Für den Sakko mit gesellschaftlichem Charakter gibt es aber heute noch eine ganze Anzahl von anderen Verwendungsmöglichkeiten, und so ist er jetzt zweifellos zu einem wichtigen Bestandteil in der Garderobe des Herrn geworden.
Über seinen Stil aber herren noch immer mancherlei Meinungsverschiedenheiten, so daß hier einmal einige Fragen geklärt werden müssen.
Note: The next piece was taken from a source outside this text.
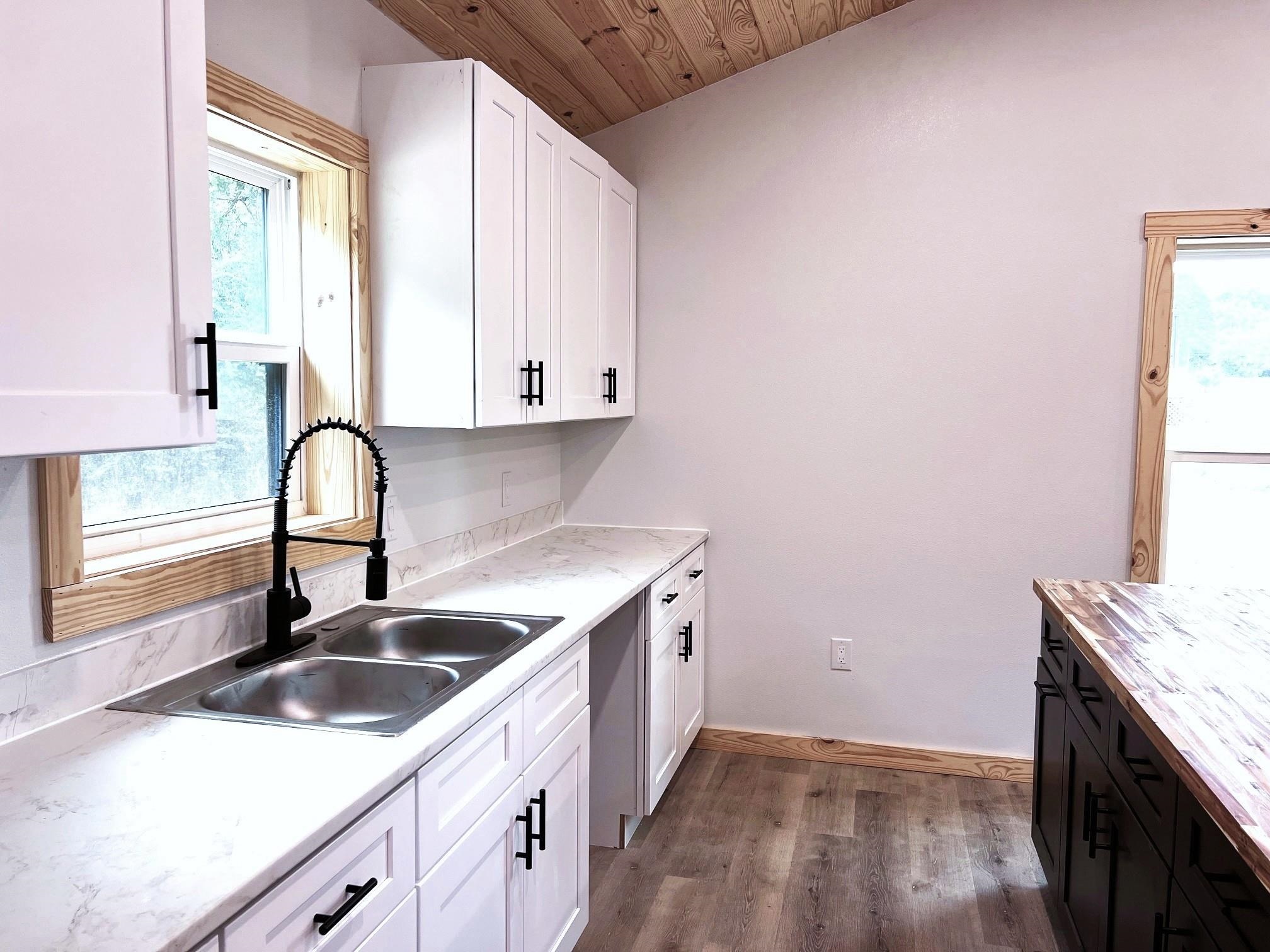 WHITEWATER ESTATES - Residential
Zunächst folgendes: Der Gesellschaftssakko soll ja ebenso am Tage an Stelle des Cuts wie am Abend als Smokingersatz verwendet werden. Verlangt man nun von einem Anzug, daß er beiden Situationen gerecht wird, dann gibt es hier gar keine andere Lösung als die, Jackett und Beinkleid aus gleichem Stoff zu fertigen. Denn die graue Hose ist am Abend immer deplaciert, genau so wie der Cut selbst; andererseits aber geht es bei gesellschaftlichen Tagesveranstaltungen auch einmal ohne graues Beinkleid. Die Fasson des Sakkos - ob einreihig oder zweireihig - hat demgegenüber nur geringe Bedeutung. Will man jedoch bei dieser Anzugsgattung deutlich einen Trennungsstrich machen zwischen Tages- und Abendkleidung, dann stehen sich hier folgende Modelle gegenüber: Bis zum Nachmittag der Einreiher - natürlich mit steigendem Revers -, kombiniert durch das graue Beinkleid. Und für den Tagesausklang der komplette Zweireiher mit Tiefknopfstellung, wegen seiner großen Ähnlichkeit mit dem Schnitt des modernen Smokings.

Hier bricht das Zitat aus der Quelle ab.